*** Source material Section Begins ***

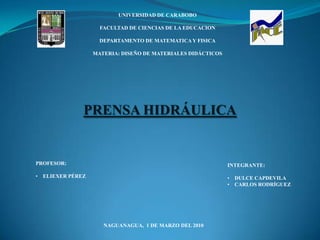 UNIVERSIDAD DE CARABOBO

                    FACULTAD DE CIENCIAS DE LA EDUCACION

                    DEPARTAMENTO DE MATEMATICA Y FISICA

                  MATERIA: DISEÑO DE MATERIALES DIDÁCTICOS




              PRENSA HIDRÁULICA


PROFESOR:                                                    INTEGRANTE:

• ELIEXER PÉREZ                                              • DULCE CAPDEVILA
                                                             • CARLOS RODRÍGUEZ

*** Source material Section Ends ***

**What is needed**.
Give the entries above again exactly, minus their pictures.

**Output for this task**.
 UNIVERSIDAD DE CARABOBO

                    FACULTAD DE CIENCIAS DE LA EDUCACION

                    DEPARTAMENTO DE MATEMATICA Y FISICA

                  MATERIA: DISEÑO DE MATERIALES DIDÁCTICOS




              PRENSA HIDRÁULICA


PROFESOR:                                                    INTEGRANTE:

• ELIEXER PÉREZ                                              • DULCE CAPDEVILA
                                                             • CARLOS RODRÍGUEZ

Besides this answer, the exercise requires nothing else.